Details of the the Cloudbleed bug – Attacks on TLS Implementations
22.8.1 Details of the the Cloudbleed bug
To build a Ragel-based parser, the Ragel code is automatically transformed into C code. The C code is then compiled into an executable. Unfortunately, the generated C code contained a bug shown in Listing 22.5.
Listing 22.5: Cloudbleed bug
/* generated code */
if ( ++p == pe )
goto _test_eof;
The if statement in Listing 22.5 is supposed to check whether the end of the buffer, the address pointed to by pe, is reached. However, because the == operator is used, that if statement evaluates to false in two cases:
- When ++p points to an address less than pe, that is, the end of buffer is not reached yet
- When ++p points to an address larger than pe, that is, when ++p is beyond the end of the buffer
As a result, if, after being incremented, pointer p does not point exactly to address pe, it will be allowed to jump over the buffer end. Interestingly, the bug in the generated C code is actually the result of a programming error in the Ragel description of the parser. That is, the Ragel code that Cloudflare developers wrote contained an error that led to the bug in the generated code.
A second interesting aspect is that the bug was dormant in Cloudflare’s production code for multiple years. However, as long as the old Ragel-based parser was used, the buggy code was never executed. This changed when Cloudflare’s engineers added the new cf-html parser.
22.9 Timing attacks
In the previous two chapters, we learned about attacks on the TLS Handshake and the TLS Record protocols, which use a padding oracle to compromise TLS security guarantees. In most cases, the padding oracle is a by-product of data-dependent timing differences that occur when a TLS implementation processes the received TLS messages.
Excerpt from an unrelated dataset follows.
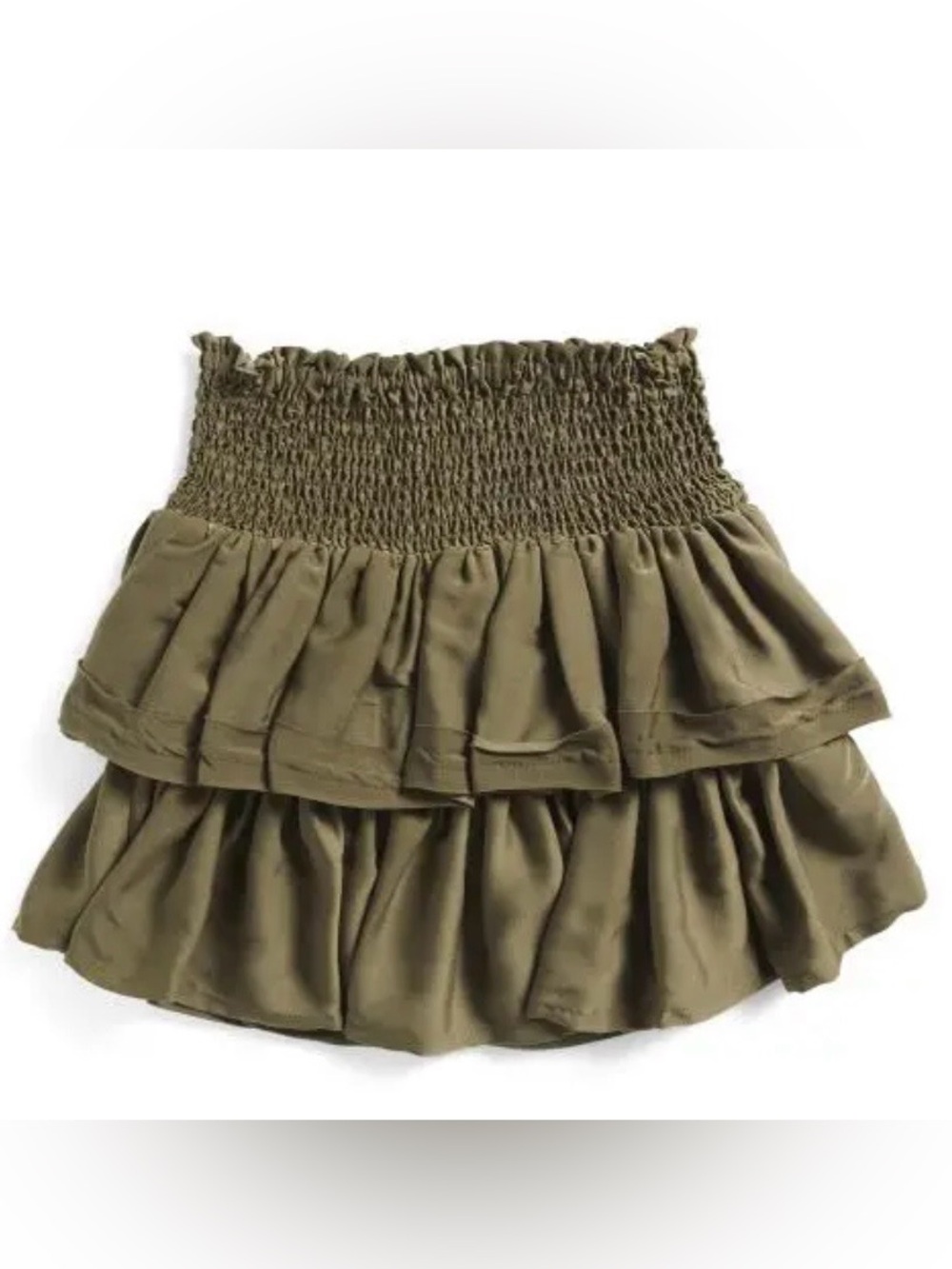 Tiered Smocked Mini Skirt in Olive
While these attacks target the TLS Handshake or TLS Record protocol, the underlying reason – namely, the leakage of information about internally processed data – is an implementation issue. In cryptography, attacks that exploit such information are called side channel attacks.
More precisely, side channel attacks exploit unintended information leakage caused by the physical properties of the implementation of a cryptographic algorithm. Using the leaked information, Eve can infer intermediate values processed by the cryptographic algorithm and, based on these values, extract the secret values.